Eating disorders happen for many different reasons. Many people who have an eating disorder come from families in which other members have eating disorders or have other conditions such as depression. This doesn't mean that a family member caused the disorder. It simply means that these conditions seem more likely to happen in that family.
- Avoid guilt and self-blame.
- Show support. Say things such as, "I can see how hard this is for you. You're doing a good job."
- Don't focus attention only on the person who is in treatment. Spend time with other members of your family and your friends.

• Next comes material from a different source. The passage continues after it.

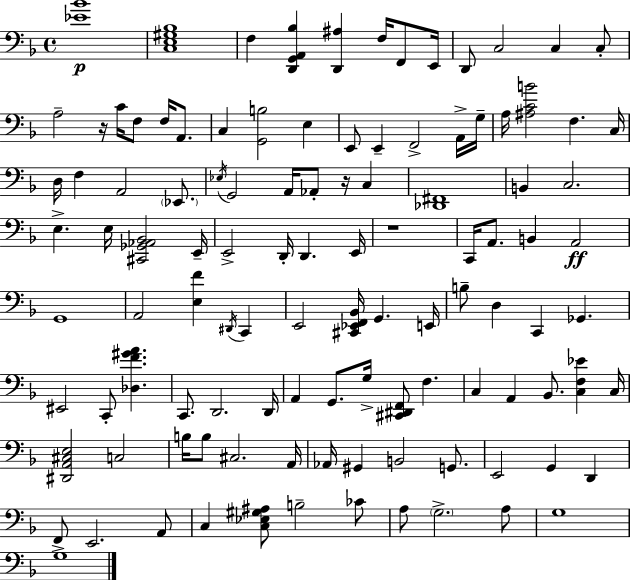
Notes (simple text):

[Eb4,Bb4]/w [C3,E3,G#3,Bb3]/w F3/q [D2,G2,A2,Bb3]/q [D2,A#3]/q F3/s F2/e E2/s D2/e C3/h C3/q C3/e A3/h R/s C4/s F3/e F3/s A2/e. C3/q [G2,B3]/h E3/q E2/e E2/q F2/h A2/s G3/s A3/s [A#3,C4,B4]/h F3/q. C3/s D3/s F3/q A2/h Eb2/e. Eb3/s G2/h A2/s Ab2/e R/s C3/q [Db2,F#2]/w B2/q C3/h. E3/q. E3/s [C#2,Gb2,Ab2,Bb2]/h E2/s E2/h D2/s D2/q. E2/s R/w C2/s A2/e. B2/q A2/h G2/w A2/h [E3,F4]/q D#2/s C2/q E2/h [C#2,Eb2,F2,Bb2]/s G2/q. E2/s B3/e D3/q C2/q Gb2/q. EIS2/h C2/e [Db3,F4,G#4,A4]/q. C2/e. D2/h. D2/s A2/q G2/e. G3/s [C#2,D#2,F2]/e F3/q. C3/q A2/q Bb2/e. [C3,F3,Eb4]/q C3/s [D#2,A2,C#3,E3]/h C3/h B3/s B3/e C#3/h. A2/s Ab2/s G#2/q B2/h G2/e. E2/h G2/q D2/q F2/e E2/h. A2/e C3/q [C3,Eb3,G#3,A#3]/e B3/h CES4/e A3/e G3/h. A3/e G3/w G3/w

- Remind yourself that this is a long-lasting disorder. It will take time for changes to happen.
- Do not look for the reason for the disorder. Work toward changing things for the better.
Family therapy and counseling
Many people struggle with handling their feelings and interactions with someone who has an eating disorder. Counseling, such as family therapy, can help you learn ways to encourage healthy eating behaviors in children and teens who have eating disorders.
Counseling can be a big help to everyone in your family. This can mean seeing a counselor alone, as a couple, or as a family. Each family member may need reassurance or counseling at different times during the course of the illness.
- Use a professional counselor to help you work through your concerns and reduce the eating disorder's impact on you and your family.
- Make time for other children in your family to receive one-on-one love and attention.
- Use a family therapist to help your family members find new ways to support one another.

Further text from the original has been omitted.